Optimize in-memory index memory consumption by MichaelEischer · Pull Request #2338 · restic/restic

MichaelEischer · 2019-07-13T19:45:38Z

What is the purpose of this change? What does it change?

Slightly reduce the memory usage of the in-memory index that is used by most restic commands. The memory usage should be 10-15% lower than before. This is achieved by optimizing for the usual situation where each blob is contained in a single pack file.

The pull request still needs tests which trigger the code paths with multiple packs. I'm not sure whether there are currently any tests that explicitly generate blobs which are stored in multiple packs.

Was the change discussed in an issue or in the forum before?

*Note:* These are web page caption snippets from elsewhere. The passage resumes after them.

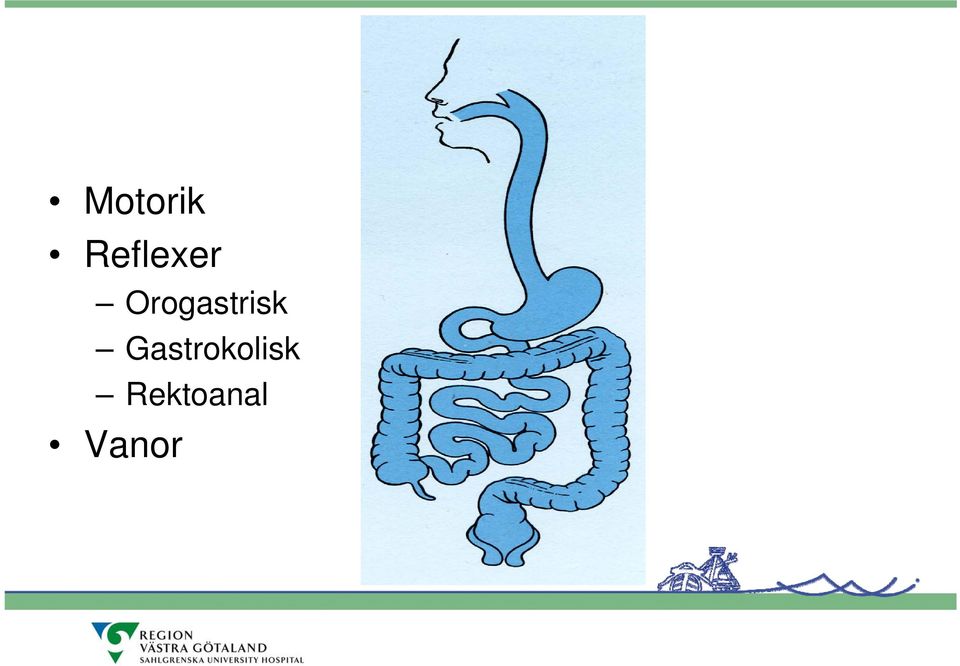 Orogastrisk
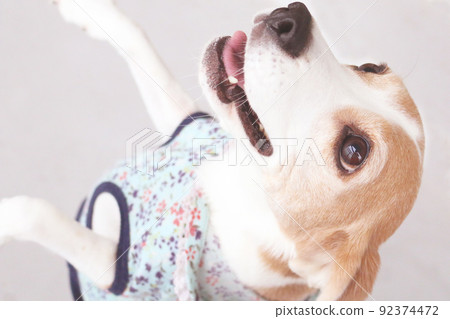 Beagle dog expecting a snack 92374472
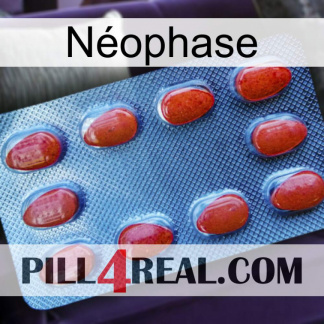 Néophase 06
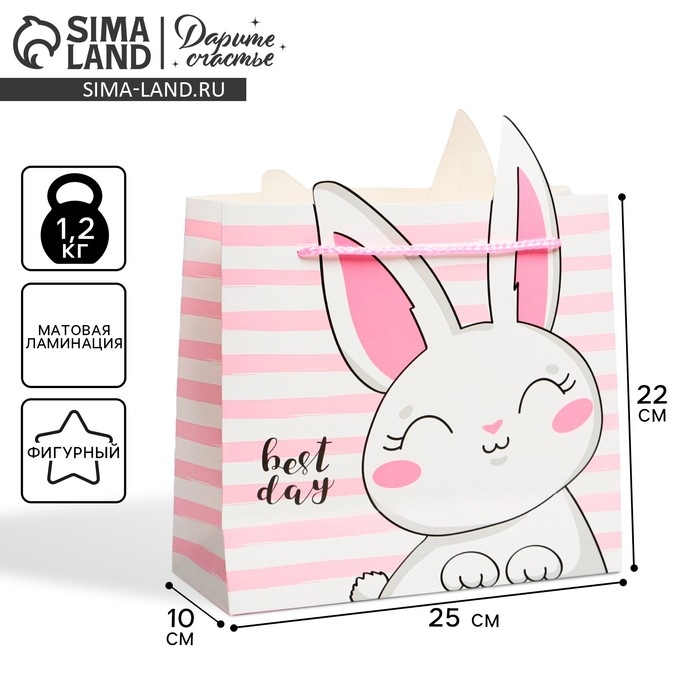 Пакет подарочный, упаковка, «Best day», 25 х 26 х 10 см Пакет подарочный, упаковка, «Best day», 25 х 26 х 10 см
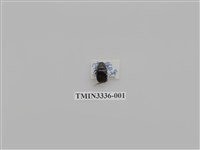 藏品(長角細鰓金龜)的圖片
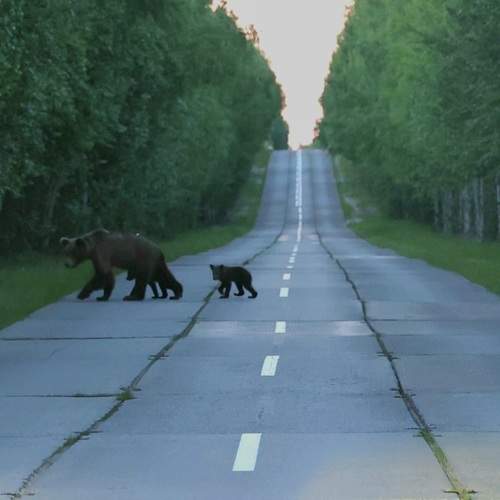 Photo #10798445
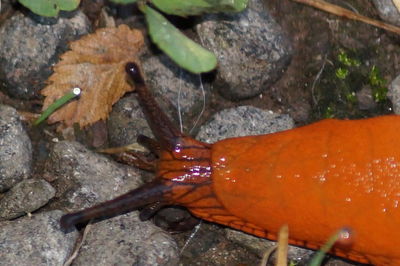 Close-up of a lizard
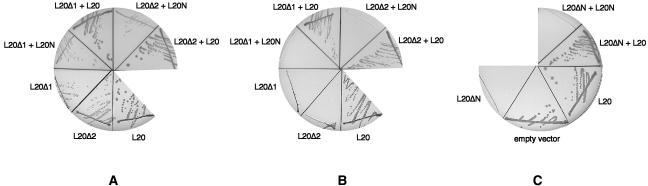 FIGURE 2.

The problem of high memory usage shows up in several issues #2284 , #1988 , #1723 . However, the approach of this pull request was not yet discussed in an issue. The underlying scalability issue is not tackled by this pull request.

Checklist

I have read the Contribution Guidelines
I have added tests for all changes in this PR
No user visible parts. I have added documentation for the changes (in the manual)
There's a new file in changelog/unreleased/ that describes the changes for our users (template here)
I have run gofmt on the code in all commits
All commit messages are formatted in the same style as the other commits in the repo
I'm done, this Pull Request is ready for review

codecov-io · 2019-07-13T19:51:38Z

Codecov Report

Merging #2338 into master will decrease coverage by 4.01%.
The diff coverage is 71.11%.

@@            Coverage Diff             @@
##           master    #2338      +/-   ##
==========================================
- Coverage   50.95%   46.93%   -4.02%     
==========================================
  Files         178      178              
  Lines       14548    14562      +14     
==========================================
- Hits         7413     6835     -578     
- Misses       6069     6704     +635     
+ Partials     1066     1023      -43

Impacted Files	Coverage Δ
internal/repository/index.go	`64.33% <71.11%> (-3.15%)`	⬇️
internal/backend/b2/b2.go	`0% <0%> (-79.55%)`	⬇️
internal/backend/swift/swift.go	`0% <0%> (-78.83%)`	⬇️
internal/backend/gs/gs.go	`0% <0%> (-74%)`	⬇️
internal/backend/azure/azure.go	`0% <0%> (-69.46%)`	⬇️
internal/backend/swift/config.go	`34.69% <0%> (-57.15%)`	⬇️
internal/archiver/file_saver.go	`85.96% <0%> (-2.64%)`	⬇️
internal/backend/test/tests.go	`59.95% <0%> (-0.66%)`	⬇️
internal/archiver/blob_saver.go	`97.53% <0%> (+2.46%)`	⬆️
internal/checker/checker.go	`70.25% <0%> (+3.66%)`	⬆️

Continue to review full report at Codecov.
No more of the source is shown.